Our teenagers need us, and more importantly, they need role models. They don't care about our highstreets if we don't. They don't have a sense of loyalty to the community if we don't. They won't stay at home in the evening if we don't even know or acknowledge they're at home. We are chasing our "cat's" tails and the "mice" are playing. No surprise either that it was the Summer holidays when boredom was even more of an issue.

What will these teenagers be like as adults? Anyway they are signalling to us that something needs to be done. We can't carry on like this.

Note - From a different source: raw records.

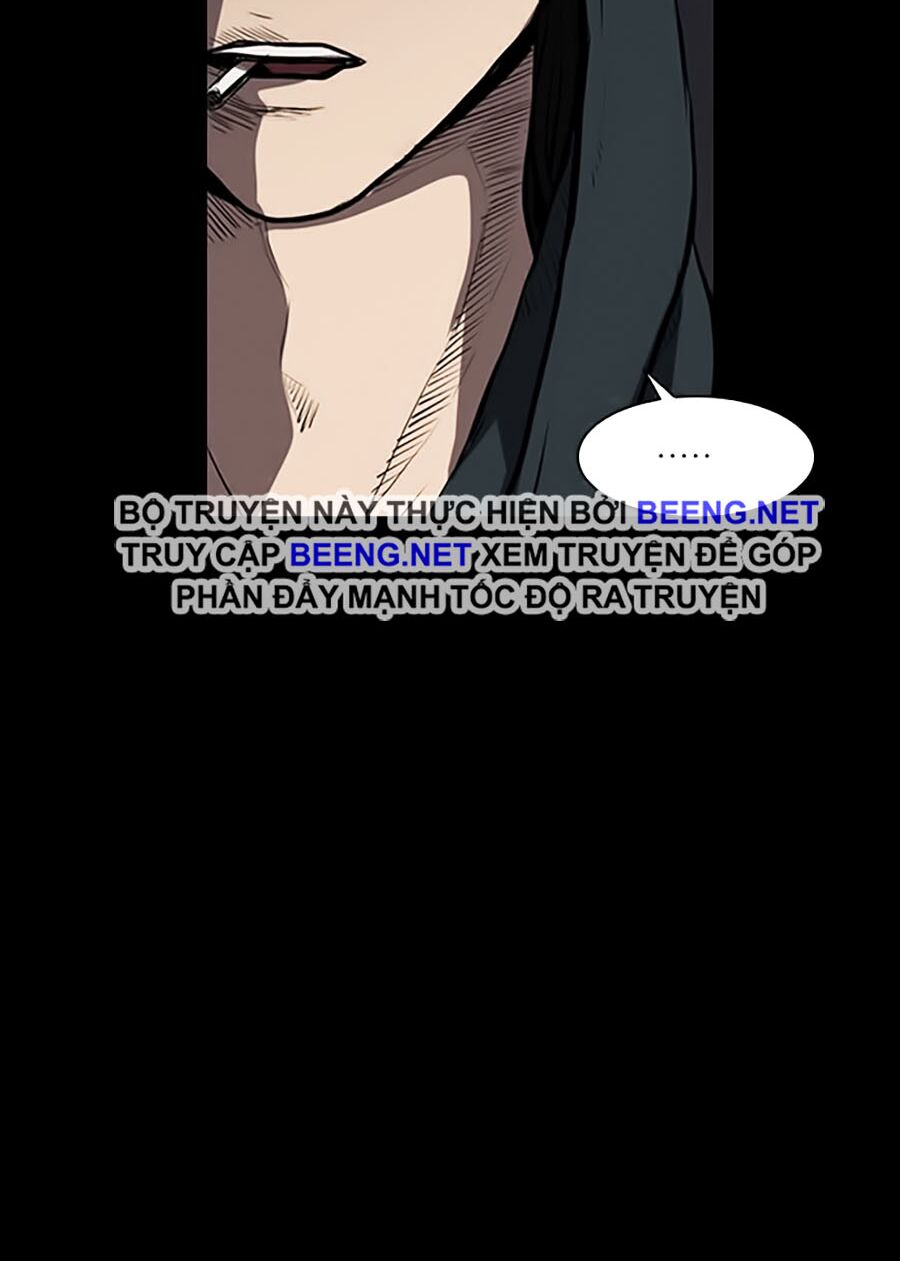 Báo Thù: Chapter 7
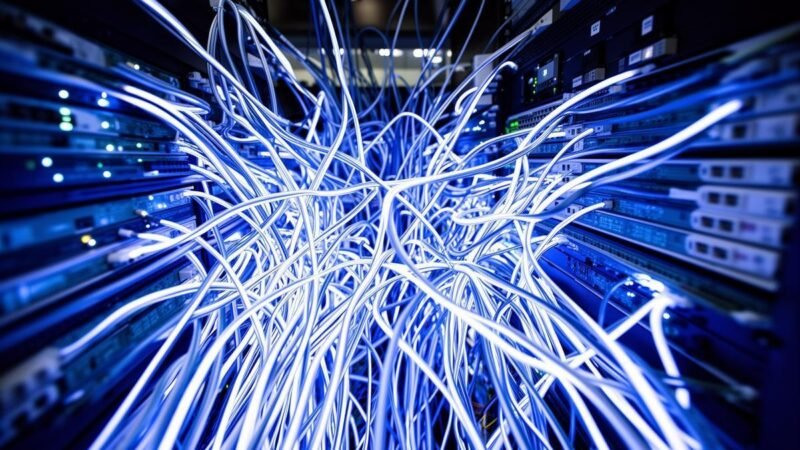 Energisa seleciona novas tecnologias para ampliar flexibilidade e eficiência das redes elétricas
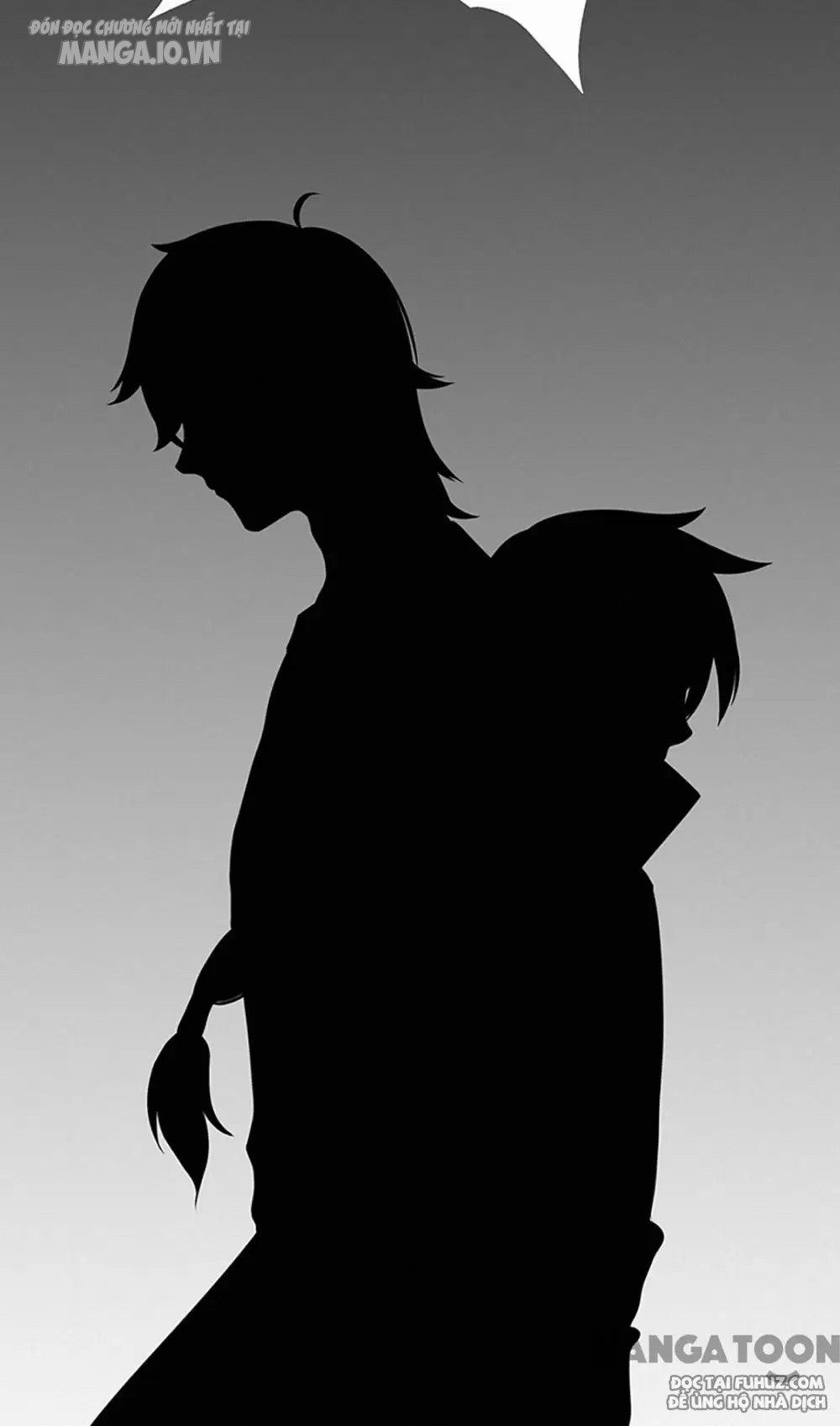 Cuồng Đồ Tu Tiên Chapter 46 - Trang 2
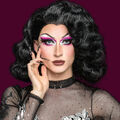 Aria Addams, Season 1
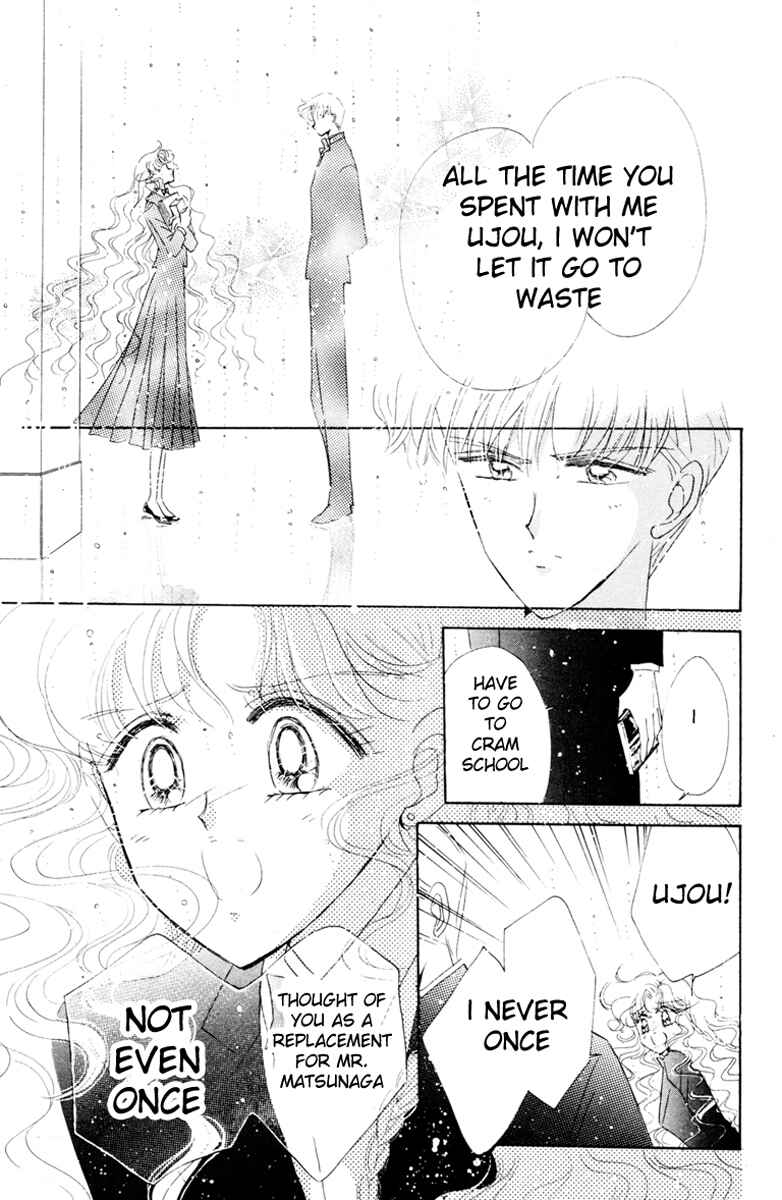 Page 46 Chapter 1 Prism Time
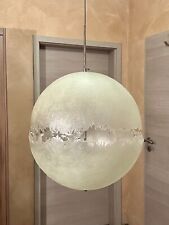 Catellani & Smith Design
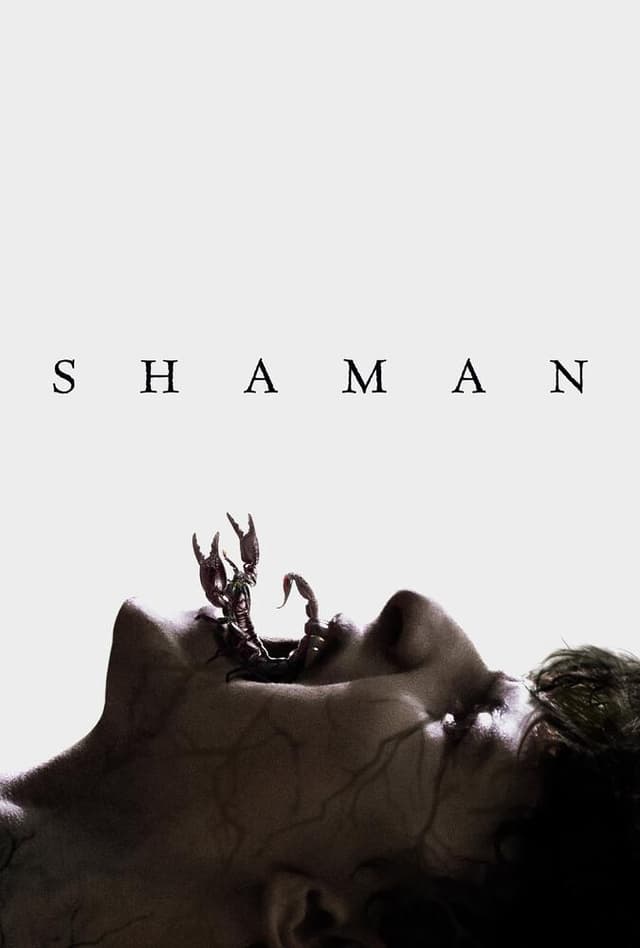 Shaman 2025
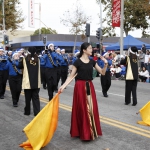 christmas-parade_120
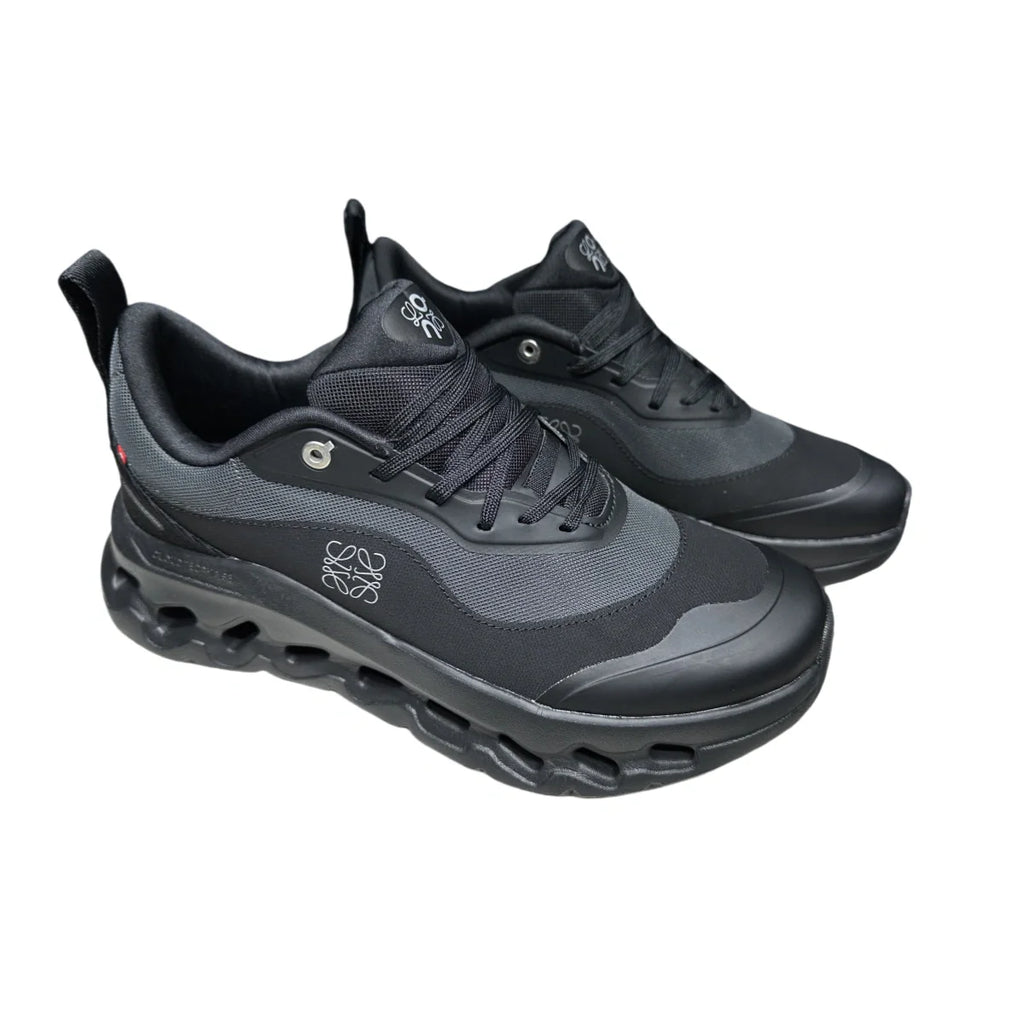 LOEWE x Cloudtilt 2.0 Men’s & Women’s styles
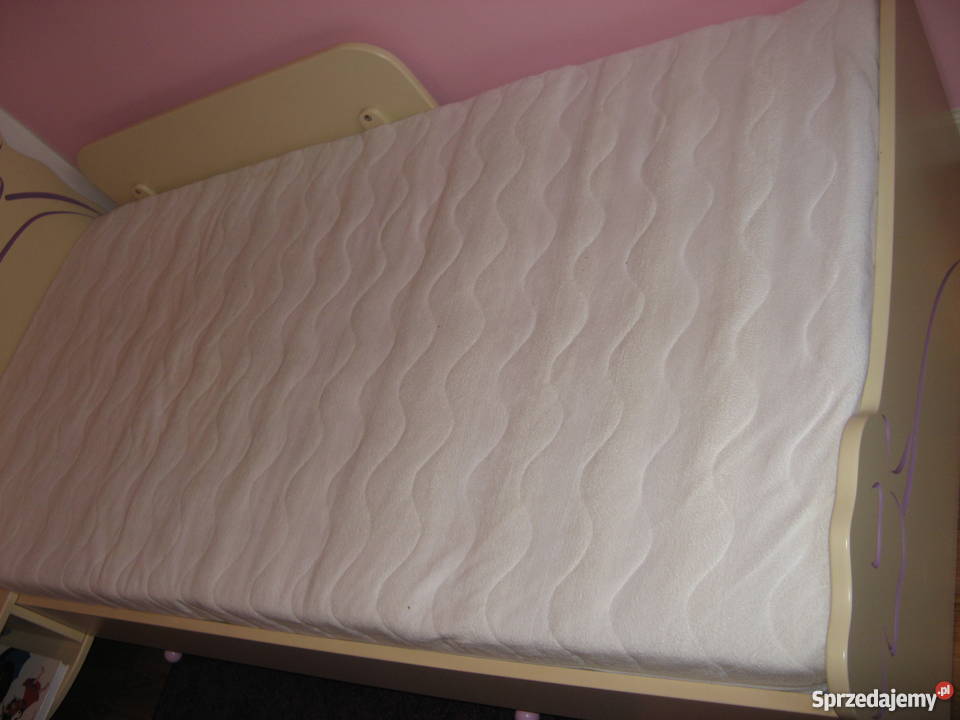 MEBLIK orchidea violet 12 elementów Wołomin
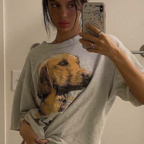 samantha23 OnlyFans Leaks 

 profile picture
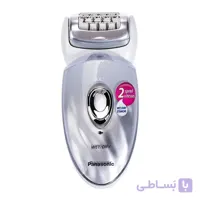اپیلاتور پاناسونیک مدل ES-ED94 ا Panasonic ES-ED94 Epilator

Too many things have changed in one generation:

- Mums working has increaed
- less people go to church
- teenagers get a sense of purpose and direction from gangs instead of from their family and/or their community
- the Police are held to ransom by the media and trying to do the right thing (or in this case the wrong thing)
- credit cards have encouraged a culture where the ownership of no item is off limits

I felt compelled to write about this subject even though I have been putting it off, and I thought Ireland would have put it out of my mind. It effected me deeply, as it was very much on my home turf: I went to Junior School in Tottenham, my in-laws live there, I went to secondary school in Wood Green, my Aunt lives there, and I live in Enfield.... so I am not some middle class yummy mummy writing this from an unaffected area, with my sociology textbook in my hand...

This post doesn't seem to have the depth that my thoughts have had the last few weeks, but maybe I am not in the writing "zone" - I haven't blogged in quite some time so I seem to have lost my muse!